Well, here is an impeachable source in that the source is Jewish and he wrote a book (I think it was more'n 100 years ago) that proves that there WERE shepherds in the field with their flocks at that time - and that they were their tending their sheep who were intended for sacrifice - talk about an unintended proof of birth of The Saviour, The Lamb of God, who was to die for our sins as an act of propitiation....

In any event, here is Edelsheim: Alfred Edersheim, in his "The Life and Times of Jesus"

...And yet Jewish tradition may here prove both illustrative and helpful. That the Messiah was to be born in Bethlehem, was a settled conviction. Equally so, was the belief , that He was to be revealed from Migdal Eder, 'the tower of the flock.' This Migdal Eder was not the watchtower for the ordinary flocks which pastured on the barren sheepground beyond Bethlehem, but lay close to the town, on the road to Jerusalem. A passage in the Mishnah [951] leads to the conclusion, that the flocks, which pastured there, were destined for Temple-sacrifices [952], and, accordingly, that the shepherds, who watched over them, were not ordinary shepherds. The latter were under the ban of Rabbinism, on account of their necessary isolation from religious ordinances, and their manner of life, which rendered strict legal observance unlikely, if not absolutely impossible. The same Mishnaic passage also leads us to infer, that these flocks lay out all the year round, since they are spoken of as in the fields thirty days before the Passover -- that is, in the month of February, when in Palestine the average rainfall is nearly greatest.

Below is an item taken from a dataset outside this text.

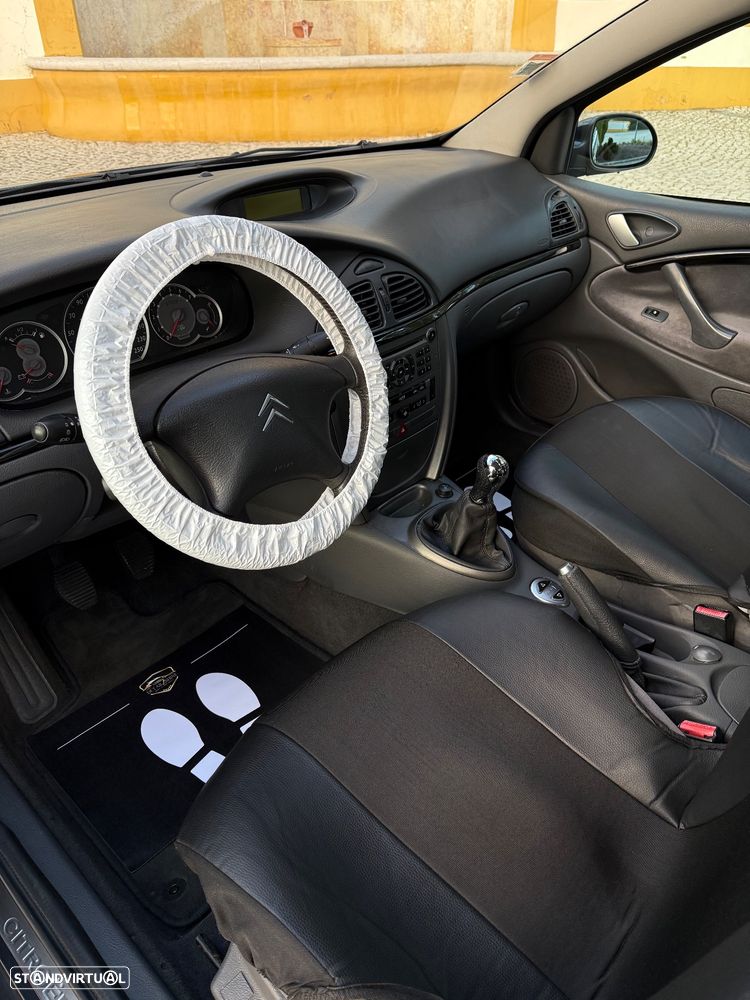 Citroën C5 1.6 HDi Exclusive - 7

Thus, Jewish tradition in some dim manner apprehended the first revelation of the Messiah from that Migdal Eder, where shepherds watched the Temple-flocks all the year round. Of the deep symbolic significance of such a coincidence, it is needless to speak.

It was, then, on that ‘wintry night’ of the 25th of December, that shepherds watched the flocks destined for sacrificial services, in the very place consecrated by tradition as that where the Messiah was to be first revealed.

Todd said...

Modern english translations in the typical hand held missals: Lend Your ear to our prayers, O Lord, we beseech You; and brighten the darkness of our minds by the grace of Your coming.

the Savage said...

Cosin’s collect may be a bit prolix, but at least it retains the traditional Advent associations of this Sunday. The previous Sunday’s Cranmer creation is much worse - no connection to Advent or the previous Sarum collect, and a frankly Bibliolatrous identification of the written word of God with the eternal Logos by suggesting that Christ is embodied “in” scripture rather than being revealed through it. Fortunately the Divine Worship Missal provides the Sarum / Roman collect for this Sunday as an alternative.

KaeseEs said...

If you're taking down that rapscallion Cosin, I don't see why you're letting D'Arctangent off the hook...

B flat said...

My ignorance distresses me, and I am sorry to intrude it here to disturb your peace.
Am I wrong in understanding theat the Incarnation was effected at the Annunciatiation which we celebrate on 25th March?
I was dismayed when the Orthodox primates met at Christmas in Jerusalem to to celebrate the 2000 years of God's Incarnation in 2002. The whole point of it was lost on me, and I felt a teaching moment in resistance to those supporting abortion was completely wasted on the world's media and their viewers.
And now Fr Hunwicke writes that Christmas is the Incarnatio Dominica. I weep in frustration at my stupidity. I simply do not understand.